== Segment start ==
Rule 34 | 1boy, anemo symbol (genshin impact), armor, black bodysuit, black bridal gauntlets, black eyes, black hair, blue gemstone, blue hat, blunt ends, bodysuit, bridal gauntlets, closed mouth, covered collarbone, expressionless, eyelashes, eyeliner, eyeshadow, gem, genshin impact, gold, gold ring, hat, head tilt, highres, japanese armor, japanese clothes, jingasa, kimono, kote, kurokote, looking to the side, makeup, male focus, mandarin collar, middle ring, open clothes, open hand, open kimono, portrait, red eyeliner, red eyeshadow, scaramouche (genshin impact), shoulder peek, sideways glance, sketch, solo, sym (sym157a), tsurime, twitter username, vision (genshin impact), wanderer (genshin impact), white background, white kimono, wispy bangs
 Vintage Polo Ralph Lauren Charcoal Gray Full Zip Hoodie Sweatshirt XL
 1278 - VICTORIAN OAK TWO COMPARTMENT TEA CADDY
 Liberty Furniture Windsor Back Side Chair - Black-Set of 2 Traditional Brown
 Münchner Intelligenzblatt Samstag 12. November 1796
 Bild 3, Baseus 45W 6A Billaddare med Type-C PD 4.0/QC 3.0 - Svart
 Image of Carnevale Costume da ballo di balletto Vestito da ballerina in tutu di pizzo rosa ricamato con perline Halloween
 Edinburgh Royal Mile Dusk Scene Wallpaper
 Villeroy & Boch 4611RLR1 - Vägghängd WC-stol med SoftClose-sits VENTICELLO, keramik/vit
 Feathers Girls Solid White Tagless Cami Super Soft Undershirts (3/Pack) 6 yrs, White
== Segment end ==
**Work to complete:** When you reach the end of the data, retype all of it exactly.

**Output for this task:**
Rule 34 | 1boy, anemo symbol (genshin impact), armor, black bodysuit, black bridal gauntlets, black eyes, black hair, blue gemstone, blue hat, blunt ends, bodysuit, bridal gauntlets, closed mouth, covered collarbone, expressionless, eyelashes, eyeliner, eyeshadow, gem, genshin impact, gold, gold ring, hat, head tilt, highres, japanese armor, japanese clothes, jingasa, kimono, kote, kurokote, looking to the side, makeup, male focus, mandarin collar, middle ring, open clothes, open hand, open kimono, portrait, red eyeliner, red eyeshadow, scaramouche (genshin impact), shoulder peek, sideways glance, sketch, solo, sym (sym157a), tsurime, twitter username, vision (genshin impact), wanderer (genshin impact), white background, white kimono, wispy bangs
 Vintage Polo Ralph Lauren Charcoal Gray Full Zip Hoodie Sweatshirt XL
 1278 - VICTORIAN OAK TWO COMPARTMENT TEA CADDY
 Liberty Furniture Windsor Back Side Chair - Black-Set of 2 Traditional Brown
 Münchner Intelligenzblatt Samstag 12. November 1796
 Bild 3, Baseus 45W 6A Billaddare med Type-C PD 4.0/QC 3.0 - Svart
 Image of Carnevale Costume da ballo di balletto Vestito da ballerina in tutu di pizzo rosa ricamato con perline Halloween
 Edinburgh Royal Mile Dusk Scene Wallpaper
 Villeroy & Boch 4611RLR1 - Vägghängd WC-stol med SoftClose-sits VENTICELLO, keramik/vit
 Feathers Girls Solid White Tagless Cami Super Soft Undershirts (3/Pack) 6 yrs, White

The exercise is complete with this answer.